Monday, 8 April 2013

Groundbreaking Deep-Space Navigation Technology ?

NASA Taps the Power of Zombie Stars in Two-In-One Instrument

Apr. 8, 2013 — Neutron stars have been called the zombies of the cosmos. They shine even though they're technically dead, occasionally feeding on neighboring stars if they venture too close. Interestingly, these unusual objects, born when a massive star extinguishes its fuel and collapses under its own gravity, also may help future space travelers navigate to Mars and other distant destinations.


This artist’s rendition shows the NICER/SEXTANT payload that NASA recently selected as its next Explorer Mission of Opportunity.
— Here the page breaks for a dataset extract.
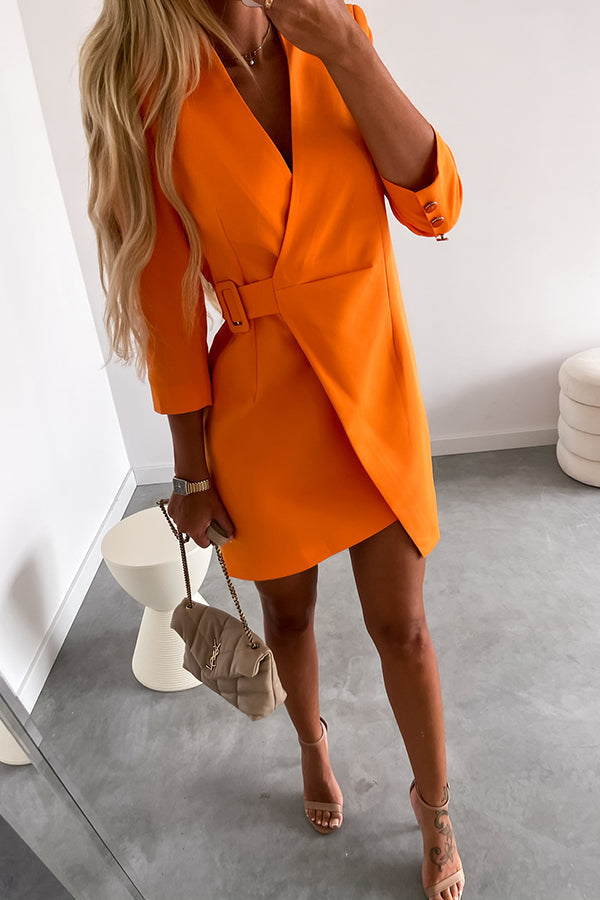 Dames blazerjurk met V-hals en ceintuur – ALVINA POWERDRESS - Glamorix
The 56-telescope payload will fly on the International Space Station. (Credit: NASA)
NASA recently selected a new mission called the Neutron-star Interior Composition Explorer (NICER) to not only reveal the physics that make neutron stars the densest objects in nature, but also to demonstrate a groundbreaking navigation technology that could revolutionize the agency's ability to travel to the far reaches of the solar system and beyond.

The multi-purpose mission, also known as NICER/SEXTANT (Station Explorer for X-ray Timing and Navigation Technology), consists of 56 X-ray telescopes in a compact bundle, their associated silicon detectors, and a number of other advanced technologies. Both NASA's Science Mission Directorate's Explorers Program and the Space Technology Mission Directorate's Game Changing Program are contributing to the mission's development.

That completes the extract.